Exercise brief => Wherever the string "Coffee" shows up in the data below, copy the whole line.

Records from a collection =>
------------------------------------

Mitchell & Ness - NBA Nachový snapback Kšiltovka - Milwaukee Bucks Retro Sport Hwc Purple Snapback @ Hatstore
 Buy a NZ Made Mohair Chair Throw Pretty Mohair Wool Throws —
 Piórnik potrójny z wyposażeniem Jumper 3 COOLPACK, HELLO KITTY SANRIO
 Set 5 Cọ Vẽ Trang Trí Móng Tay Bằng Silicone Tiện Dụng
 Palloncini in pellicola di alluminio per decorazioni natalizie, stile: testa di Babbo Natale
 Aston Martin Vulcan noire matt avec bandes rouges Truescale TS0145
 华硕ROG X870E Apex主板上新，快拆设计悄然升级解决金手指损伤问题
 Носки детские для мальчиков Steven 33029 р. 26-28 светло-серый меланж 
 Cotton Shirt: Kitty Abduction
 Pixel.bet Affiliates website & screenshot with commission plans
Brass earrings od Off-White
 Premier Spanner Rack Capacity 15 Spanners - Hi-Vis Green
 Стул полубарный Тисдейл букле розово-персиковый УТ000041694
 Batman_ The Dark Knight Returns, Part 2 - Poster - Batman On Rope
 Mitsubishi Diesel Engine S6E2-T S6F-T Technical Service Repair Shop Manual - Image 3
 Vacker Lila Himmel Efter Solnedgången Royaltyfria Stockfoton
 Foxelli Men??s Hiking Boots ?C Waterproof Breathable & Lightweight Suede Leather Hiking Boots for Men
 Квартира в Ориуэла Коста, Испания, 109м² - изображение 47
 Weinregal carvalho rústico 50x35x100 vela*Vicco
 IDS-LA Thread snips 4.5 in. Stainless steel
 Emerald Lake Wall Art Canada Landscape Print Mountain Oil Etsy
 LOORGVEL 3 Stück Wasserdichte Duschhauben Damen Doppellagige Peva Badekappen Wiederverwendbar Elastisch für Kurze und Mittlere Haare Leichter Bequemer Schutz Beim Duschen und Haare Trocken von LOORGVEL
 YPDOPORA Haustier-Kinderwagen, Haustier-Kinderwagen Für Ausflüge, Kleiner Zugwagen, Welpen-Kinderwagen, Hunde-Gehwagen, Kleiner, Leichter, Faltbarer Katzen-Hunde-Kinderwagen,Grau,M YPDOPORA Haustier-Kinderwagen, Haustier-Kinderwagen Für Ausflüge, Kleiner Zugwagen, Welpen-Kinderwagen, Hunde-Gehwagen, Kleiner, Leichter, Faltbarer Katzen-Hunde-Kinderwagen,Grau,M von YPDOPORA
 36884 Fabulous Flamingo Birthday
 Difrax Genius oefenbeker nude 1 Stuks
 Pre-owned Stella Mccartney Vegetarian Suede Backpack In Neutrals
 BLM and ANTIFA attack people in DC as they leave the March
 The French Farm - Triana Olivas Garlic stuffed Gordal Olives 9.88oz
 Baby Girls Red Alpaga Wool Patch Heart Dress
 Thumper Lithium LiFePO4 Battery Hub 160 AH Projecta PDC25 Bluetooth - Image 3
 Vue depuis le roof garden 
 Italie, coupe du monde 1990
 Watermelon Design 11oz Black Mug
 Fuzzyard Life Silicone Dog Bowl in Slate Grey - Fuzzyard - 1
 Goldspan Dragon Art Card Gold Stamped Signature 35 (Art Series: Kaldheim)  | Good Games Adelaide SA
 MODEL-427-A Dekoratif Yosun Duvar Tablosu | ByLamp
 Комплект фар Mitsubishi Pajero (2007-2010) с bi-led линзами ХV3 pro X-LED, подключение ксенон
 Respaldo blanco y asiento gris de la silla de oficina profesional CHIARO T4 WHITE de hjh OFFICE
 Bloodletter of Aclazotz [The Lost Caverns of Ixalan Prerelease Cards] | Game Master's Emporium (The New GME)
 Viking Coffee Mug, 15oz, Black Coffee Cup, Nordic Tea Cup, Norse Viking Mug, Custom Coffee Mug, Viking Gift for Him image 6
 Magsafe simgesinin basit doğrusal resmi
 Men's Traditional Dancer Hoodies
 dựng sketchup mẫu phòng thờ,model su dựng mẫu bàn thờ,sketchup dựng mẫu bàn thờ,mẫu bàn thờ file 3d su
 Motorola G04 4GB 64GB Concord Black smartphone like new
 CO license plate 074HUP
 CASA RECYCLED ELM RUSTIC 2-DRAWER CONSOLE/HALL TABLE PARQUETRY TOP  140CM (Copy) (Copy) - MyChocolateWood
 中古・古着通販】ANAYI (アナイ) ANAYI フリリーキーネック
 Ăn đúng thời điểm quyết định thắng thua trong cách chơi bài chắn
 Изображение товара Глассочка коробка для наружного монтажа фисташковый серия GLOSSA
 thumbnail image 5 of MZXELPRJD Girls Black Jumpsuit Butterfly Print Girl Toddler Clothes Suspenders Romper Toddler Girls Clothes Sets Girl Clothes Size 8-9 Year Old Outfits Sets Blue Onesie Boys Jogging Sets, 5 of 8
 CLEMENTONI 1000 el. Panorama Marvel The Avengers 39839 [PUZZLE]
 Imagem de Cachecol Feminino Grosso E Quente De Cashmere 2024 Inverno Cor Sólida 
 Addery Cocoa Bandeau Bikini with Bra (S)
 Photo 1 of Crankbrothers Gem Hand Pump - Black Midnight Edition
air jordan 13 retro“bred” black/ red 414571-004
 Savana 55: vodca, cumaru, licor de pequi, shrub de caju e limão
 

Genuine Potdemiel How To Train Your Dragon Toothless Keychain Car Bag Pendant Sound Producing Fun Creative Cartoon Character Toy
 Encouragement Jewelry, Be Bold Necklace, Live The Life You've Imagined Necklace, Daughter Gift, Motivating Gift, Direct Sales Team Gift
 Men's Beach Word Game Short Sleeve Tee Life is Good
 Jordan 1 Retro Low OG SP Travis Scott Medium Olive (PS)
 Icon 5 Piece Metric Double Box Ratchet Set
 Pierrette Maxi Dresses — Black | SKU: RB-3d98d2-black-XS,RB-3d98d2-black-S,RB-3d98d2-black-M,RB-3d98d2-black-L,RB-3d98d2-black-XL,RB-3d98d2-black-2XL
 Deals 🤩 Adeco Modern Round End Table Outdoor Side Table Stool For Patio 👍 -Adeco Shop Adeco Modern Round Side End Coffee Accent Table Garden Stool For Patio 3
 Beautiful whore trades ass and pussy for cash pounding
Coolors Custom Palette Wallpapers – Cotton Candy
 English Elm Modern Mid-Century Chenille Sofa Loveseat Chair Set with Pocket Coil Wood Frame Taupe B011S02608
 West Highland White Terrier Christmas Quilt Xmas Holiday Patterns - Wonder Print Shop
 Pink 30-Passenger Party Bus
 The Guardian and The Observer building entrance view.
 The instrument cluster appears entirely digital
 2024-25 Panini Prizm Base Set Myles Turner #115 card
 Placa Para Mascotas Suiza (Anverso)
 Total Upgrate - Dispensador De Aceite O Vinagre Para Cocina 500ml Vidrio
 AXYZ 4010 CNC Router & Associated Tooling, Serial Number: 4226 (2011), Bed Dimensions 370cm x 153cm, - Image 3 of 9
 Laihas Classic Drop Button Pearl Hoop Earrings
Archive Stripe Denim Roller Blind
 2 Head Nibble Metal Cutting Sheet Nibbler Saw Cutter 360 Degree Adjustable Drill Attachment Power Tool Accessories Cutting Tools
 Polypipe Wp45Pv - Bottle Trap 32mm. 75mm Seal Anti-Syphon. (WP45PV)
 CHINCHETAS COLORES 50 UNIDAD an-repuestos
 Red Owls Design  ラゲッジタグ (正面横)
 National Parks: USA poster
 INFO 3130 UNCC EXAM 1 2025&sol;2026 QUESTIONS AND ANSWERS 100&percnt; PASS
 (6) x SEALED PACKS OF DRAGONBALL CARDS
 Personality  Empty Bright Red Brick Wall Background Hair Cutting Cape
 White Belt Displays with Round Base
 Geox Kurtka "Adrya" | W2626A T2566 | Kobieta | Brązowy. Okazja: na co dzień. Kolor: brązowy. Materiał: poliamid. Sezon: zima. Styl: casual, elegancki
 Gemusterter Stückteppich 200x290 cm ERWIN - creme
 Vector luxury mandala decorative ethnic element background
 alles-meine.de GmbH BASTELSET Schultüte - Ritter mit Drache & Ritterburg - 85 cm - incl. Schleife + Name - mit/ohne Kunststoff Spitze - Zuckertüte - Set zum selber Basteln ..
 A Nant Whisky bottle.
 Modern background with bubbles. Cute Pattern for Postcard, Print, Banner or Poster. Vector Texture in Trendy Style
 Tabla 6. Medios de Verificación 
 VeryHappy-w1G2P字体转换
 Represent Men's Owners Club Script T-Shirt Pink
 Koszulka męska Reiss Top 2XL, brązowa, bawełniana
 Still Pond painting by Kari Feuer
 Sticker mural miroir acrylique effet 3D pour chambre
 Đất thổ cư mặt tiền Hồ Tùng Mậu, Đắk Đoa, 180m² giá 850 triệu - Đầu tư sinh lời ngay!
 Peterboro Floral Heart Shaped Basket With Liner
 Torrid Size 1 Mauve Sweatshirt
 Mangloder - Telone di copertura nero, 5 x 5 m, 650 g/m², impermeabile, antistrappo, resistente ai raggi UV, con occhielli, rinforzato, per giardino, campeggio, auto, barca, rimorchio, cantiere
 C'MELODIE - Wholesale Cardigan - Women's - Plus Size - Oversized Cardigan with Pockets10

------------------------------------

Answer area =>
 Viking Coffee Mug, 15oz, Black Coffee Cup, Nordic Tea Cup, Norse Viking Mug, Custom Coffee Mug, Viking Gift for Him image 6
 Deals 🤩 Adeco Modern Round End Table Outdoor Side Table Stool For Patio 👍 -Adeco Shop Adeco Modern Round Side End Coffee Accent Table Garden Stool For Patio 3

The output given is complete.